Total Outlays: Up by 51 Percent in the First 10 Months of the Fiscal Year
Outlays for the first 10 months of fiscal year 2020 were $5,629 billion, $1,902 billion higher than they were during the same period last year, CBO estimates. Without the shift of certain payments from August to July this year, outlays would have totaled $5,572 billion so far this year, $1,845 billion (or 50 percent) higher than last year’s cumulative total.
October Through March. Outlays in the first six months of the fiscal year were $2,347 billion—$149 billion (or 7 percent) higher than they were during the same period last year. The increase reflects greater spending on the largest mandatory programs—Social Security, Medicare, and Medicaid. The Department of Defense and the Department of Veterans Affairs also saw higher costs, and net interest on the public debt increased. In addition, the Treasury received less in payments from Fannie Mae and Freddie Mac, resulting in higher net outlays.
April Through July. Outlays from April through July 2020 were more than twice the amounts in the same period last year: They rose by $1.8 trillion. If not for the shift of payments from August to July this year, the increase over the four-month period would have been $1.7 trillion. Large increases were linked to the pandemic and the federal government’s response to it. Specifically, from April through July this year:
- The Small Business Administration’s outlays were $564 billion (mostly for the Paycheck Protection Program), compared with $400 million during the same period last year.
- Outlays for unemployment compensation were $358 billion more than in the same four months in 2019.
- Payments of refundable tax credits—including recovery rebates that began in April under the CARES Act—totaled $269 billion more than in the same months in 2019.
- Outlays totaling $150 billion were made from the new Coronavirus Relief Fund.
- Medicare outlays were $96 billion more than in the same four months last year, largely because of the expansion of two programs. First, the CARES Act expanded the Medicare hospital accelerated payment program for Medicare Part A providers during the public-health emergency. Second, the Centers for Medicare & Medicaid Services (CMS) expanded the Advance Payment Program to Part B suppliers via regulation; CMS began making those payments in April. Both programs provide advance payments of Medicare claims that will be recouped from claims over the next year. CBO does not expect the full amount to be recovered during the current fiscal year.

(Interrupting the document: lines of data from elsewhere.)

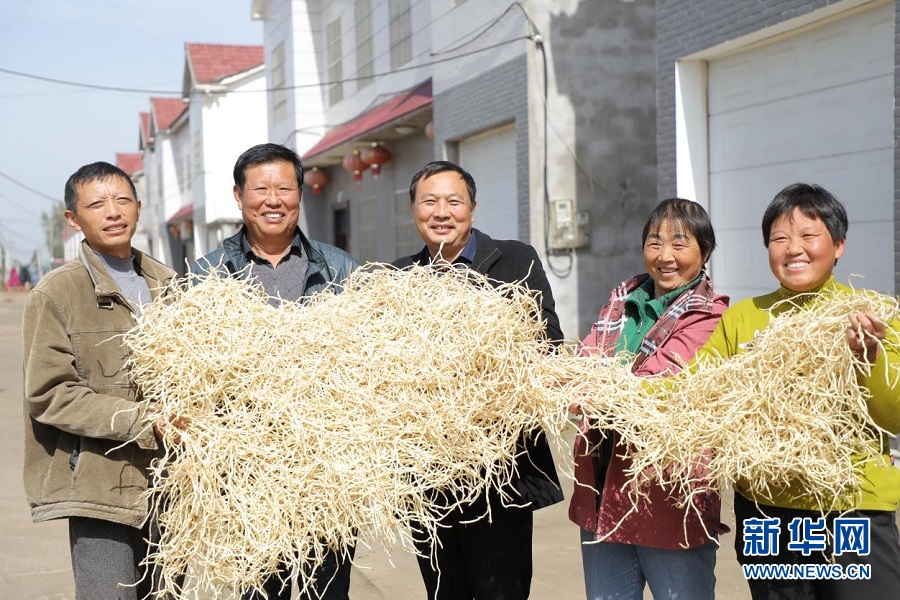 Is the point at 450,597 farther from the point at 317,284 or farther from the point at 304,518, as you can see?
the point at 317,284

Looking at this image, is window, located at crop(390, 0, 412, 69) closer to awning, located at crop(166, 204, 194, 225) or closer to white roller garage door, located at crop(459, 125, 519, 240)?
white roller garage door, located at crop(459, 125, 519, 240)

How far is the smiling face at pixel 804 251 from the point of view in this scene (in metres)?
2.37

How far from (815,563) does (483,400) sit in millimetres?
1017

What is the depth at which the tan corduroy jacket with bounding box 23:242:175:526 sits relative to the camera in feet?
7.98

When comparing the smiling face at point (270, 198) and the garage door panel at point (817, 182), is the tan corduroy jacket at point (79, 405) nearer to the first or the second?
the smiling face at point (270, 198)

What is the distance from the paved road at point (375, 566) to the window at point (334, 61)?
1159cm

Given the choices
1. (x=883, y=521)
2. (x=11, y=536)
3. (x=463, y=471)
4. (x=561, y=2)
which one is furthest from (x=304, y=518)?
(x=561, y=2)

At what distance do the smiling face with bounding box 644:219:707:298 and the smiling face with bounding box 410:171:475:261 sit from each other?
62cm

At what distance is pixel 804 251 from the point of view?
238 cm

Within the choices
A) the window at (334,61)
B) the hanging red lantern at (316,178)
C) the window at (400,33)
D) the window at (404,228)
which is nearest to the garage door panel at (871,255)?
the window at (404,228)

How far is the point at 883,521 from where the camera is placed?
2.30 metres

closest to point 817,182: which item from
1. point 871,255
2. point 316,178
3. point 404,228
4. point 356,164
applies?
point 871,255

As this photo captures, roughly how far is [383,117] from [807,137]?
7507 millimetres

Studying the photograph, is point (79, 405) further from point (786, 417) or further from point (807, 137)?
point (807, 137) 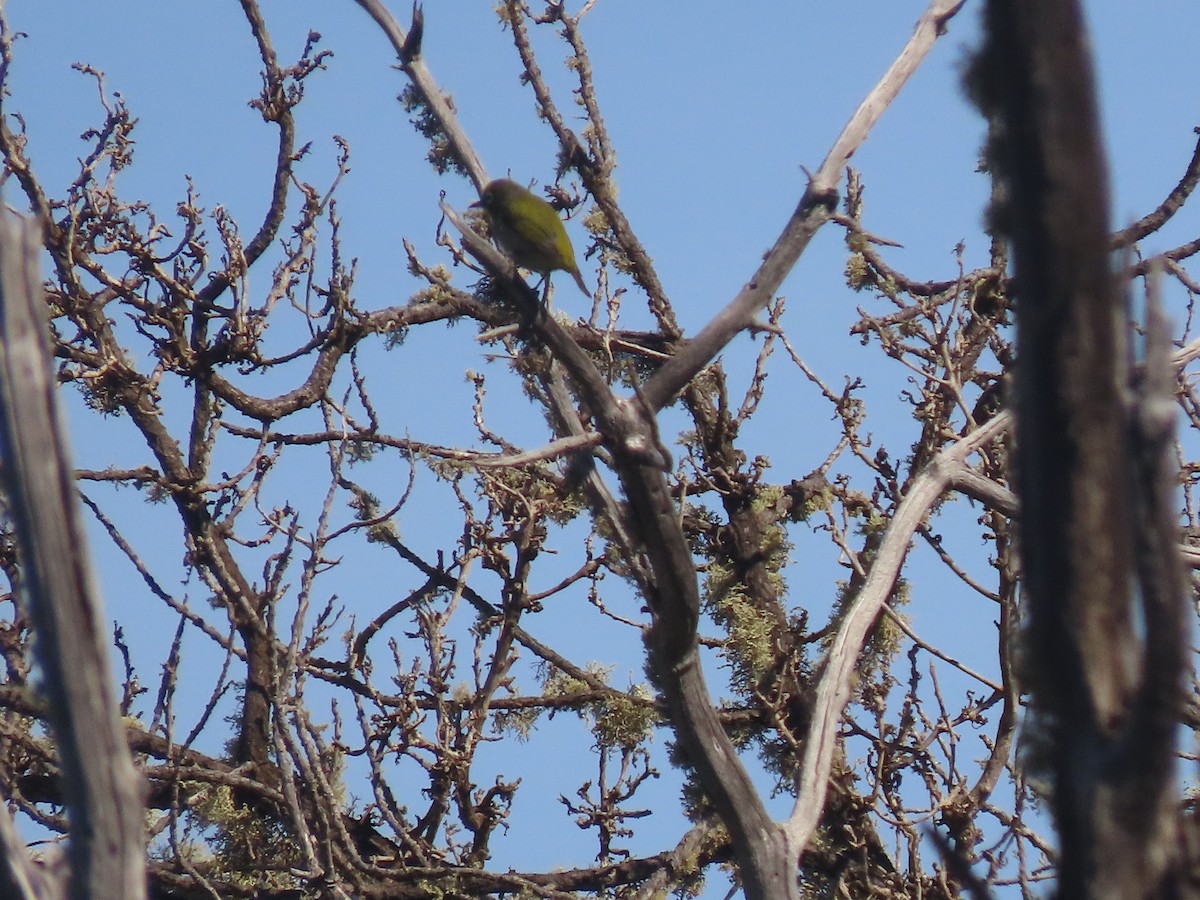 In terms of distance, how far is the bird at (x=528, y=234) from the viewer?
4.37 meters

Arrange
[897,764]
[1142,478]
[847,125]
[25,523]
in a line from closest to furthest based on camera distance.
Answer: [1142,478] < [25,523] < [847,125] < [897,764]

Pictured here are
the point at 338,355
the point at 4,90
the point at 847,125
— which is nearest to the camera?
the point at 847,125

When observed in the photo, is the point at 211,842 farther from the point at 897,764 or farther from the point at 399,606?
the point at 897,764

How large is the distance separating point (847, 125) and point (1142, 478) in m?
2.52

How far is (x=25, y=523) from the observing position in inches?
74.0

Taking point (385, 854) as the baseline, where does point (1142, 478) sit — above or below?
below

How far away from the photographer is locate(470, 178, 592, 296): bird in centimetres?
437

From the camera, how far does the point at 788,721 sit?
213 inches

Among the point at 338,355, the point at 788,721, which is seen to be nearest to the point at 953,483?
the point at 788,721

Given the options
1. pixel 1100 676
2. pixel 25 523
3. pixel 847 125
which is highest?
pixel 847 125

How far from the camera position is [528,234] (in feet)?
14.5

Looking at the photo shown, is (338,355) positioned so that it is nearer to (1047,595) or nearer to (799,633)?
(799,633)

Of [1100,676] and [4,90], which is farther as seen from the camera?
[4,90]

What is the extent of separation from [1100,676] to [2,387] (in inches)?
60.1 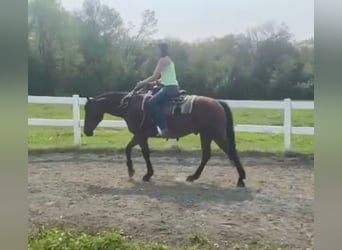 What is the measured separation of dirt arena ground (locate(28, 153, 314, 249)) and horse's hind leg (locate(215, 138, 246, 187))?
0.04m

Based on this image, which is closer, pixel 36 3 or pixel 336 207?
pixel 336 207

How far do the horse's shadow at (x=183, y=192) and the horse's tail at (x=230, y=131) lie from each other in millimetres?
241

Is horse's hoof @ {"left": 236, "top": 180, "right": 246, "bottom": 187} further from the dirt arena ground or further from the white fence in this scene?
the white fence

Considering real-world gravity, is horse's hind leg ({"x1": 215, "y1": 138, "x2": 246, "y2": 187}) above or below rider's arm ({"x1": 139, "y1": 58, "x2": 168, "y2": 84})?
below

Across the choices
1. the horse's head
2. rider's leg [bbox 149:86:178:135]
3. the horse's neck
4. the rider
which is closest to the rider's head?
the rider

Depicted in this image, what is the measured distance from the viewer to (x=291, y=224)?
3857 mm

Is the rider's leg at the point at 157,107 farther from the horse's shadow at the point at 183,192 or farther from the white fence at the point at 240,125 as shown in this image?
the horse's shadow at the point at 183,192

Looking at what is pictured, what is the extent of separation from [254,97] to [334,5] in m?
0.74

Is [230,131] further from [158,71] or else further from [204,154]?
[158,71]

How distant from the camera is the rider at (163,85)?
3.94 meters

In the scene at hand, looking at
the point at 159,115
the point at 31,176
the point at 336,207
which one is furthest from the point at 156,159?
the point at 336,207

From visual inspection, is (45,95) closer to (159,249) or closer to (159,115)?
(159,115)

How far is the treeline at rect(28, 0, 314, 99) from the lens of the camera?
3785 millimetres

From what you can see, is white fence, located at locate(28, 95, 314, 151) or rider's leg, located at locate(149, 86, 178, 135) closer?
white fence, located at locate(28, 95, 314, 151) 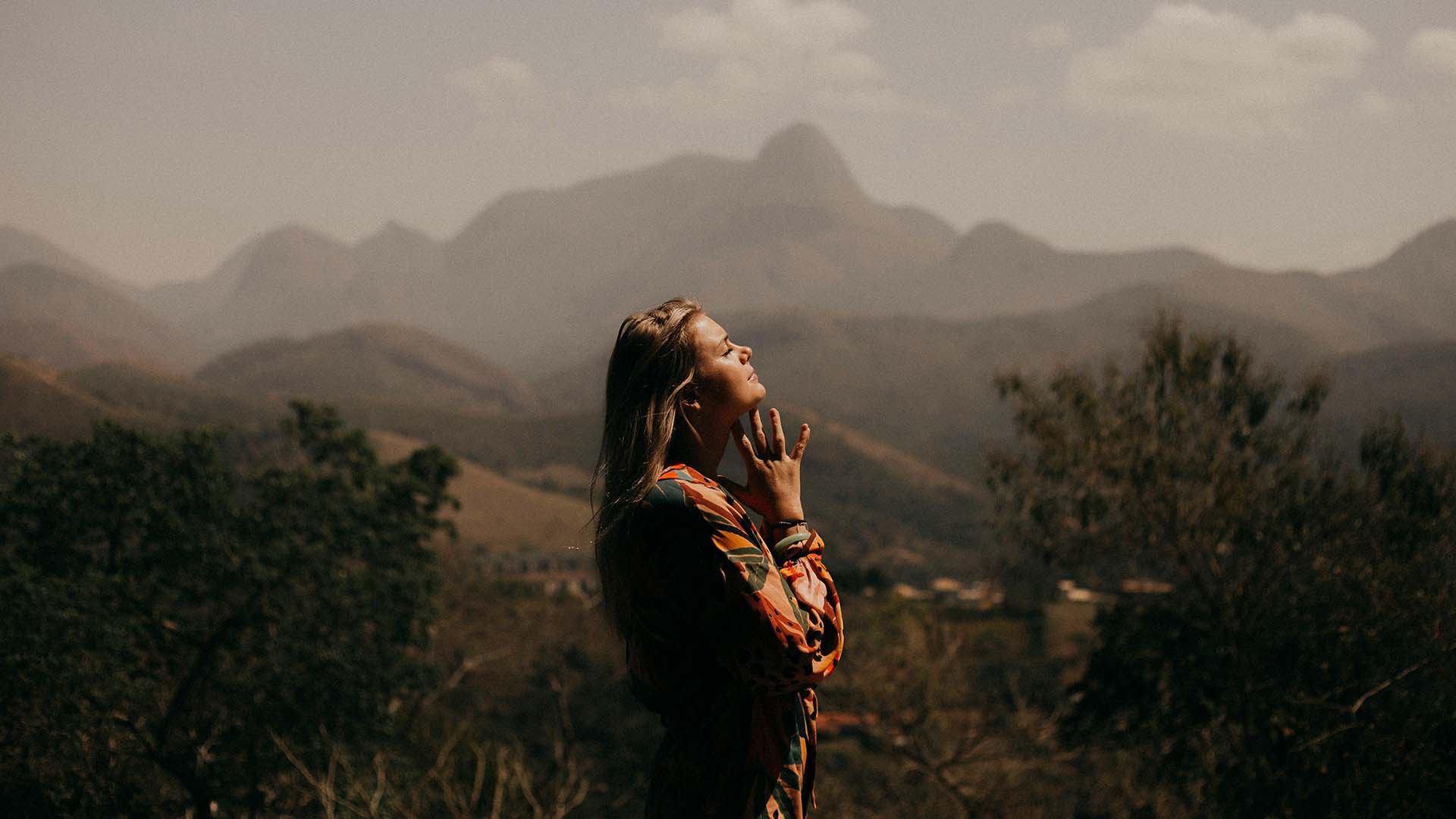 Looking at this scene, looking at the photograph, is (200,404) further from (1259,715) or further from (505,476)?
(1259,715)

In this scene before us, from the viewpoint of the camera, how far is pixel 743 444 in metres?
2.64

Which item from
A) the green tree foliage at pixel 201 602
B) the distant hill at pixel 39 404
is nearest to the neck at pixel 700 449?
the green tree foliage at pixel 201 602

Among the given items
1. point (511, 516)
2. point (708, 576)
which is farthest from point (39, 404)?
point (708, 576)

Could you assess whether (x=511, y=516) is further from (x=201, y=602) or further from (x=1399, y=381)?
(x=1399, y=381)

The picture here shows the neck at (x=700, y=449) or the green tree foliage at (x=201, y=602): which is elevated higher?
the neck at (x=700, y=449)

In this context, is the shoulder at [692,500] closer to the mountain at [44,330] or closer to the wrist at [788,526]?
the wrist at [788,526]

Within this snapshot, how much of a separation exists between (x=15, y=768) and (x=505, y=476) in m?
132

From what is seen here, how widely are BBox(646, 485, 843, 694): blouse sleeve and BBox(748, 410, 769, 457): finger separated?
0.91 feet

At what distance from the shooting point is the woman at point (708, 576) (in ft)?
7.52

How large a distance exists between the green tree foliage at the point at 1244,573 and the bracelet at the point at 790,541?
636 centimetres

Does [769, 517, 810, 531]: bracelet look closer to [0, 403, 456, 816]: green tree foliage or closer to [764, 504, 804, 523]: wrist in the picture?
[764, 504, 804, 523]: wrist

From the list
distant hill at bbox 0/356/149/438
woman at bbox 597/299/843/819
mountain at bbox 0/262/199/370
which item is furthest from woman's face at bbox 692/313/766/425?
mountain at bbox 0/262/199/370

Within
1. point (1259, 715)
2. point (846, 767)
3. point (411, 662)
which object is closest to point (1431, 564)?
point (1259, 715)

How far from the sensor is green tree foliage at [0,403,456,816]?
9969mm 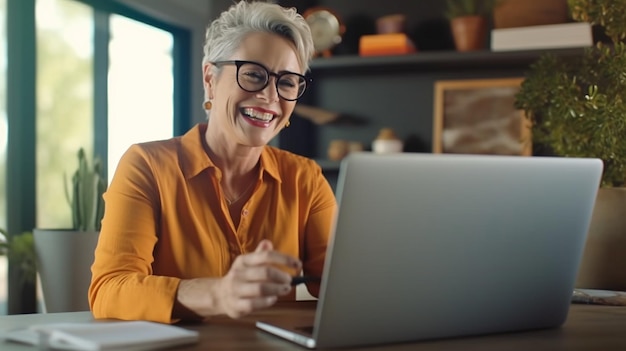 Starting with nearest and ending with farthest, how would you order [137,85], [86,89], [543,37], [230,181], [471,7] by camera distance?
[230,181] < [543,37] < [471,7] < [86,89] < [137,85]

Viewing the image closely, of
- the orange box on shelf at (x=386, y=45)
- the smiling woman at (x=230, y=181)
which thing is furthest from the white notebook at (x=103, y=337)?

- Outlays for the Public Health and Social Services Emergency Fund (included in the “Other” category below) were $97 billion, compared with $917 million during the same four-month period last year.
- Outlays from the Department of the Treasury’s Exchange Stabilization Fund (included in “Other”) were $31 billion, compared with -$200 million in those months last year.
- Spending for Medicaid was $30 billion higher than in the same period last year. (By comparison, spending in the first six months of fiscal year 2020 was $10 billion more than during the first six months of fiscal year 2019.)
- Spending by the Department of the Treasury for the new aviation worker relief program (included in “Other”) totaled $26 billion.
Actual Deficit in June 2020: $864 Billion
The Treasury Department reported a deficit of $864 billion for June—$1 billion more than CBO estimated last month, on the basis of the Daily Treasury Statements, in the Monthly Budget Review for June 2020.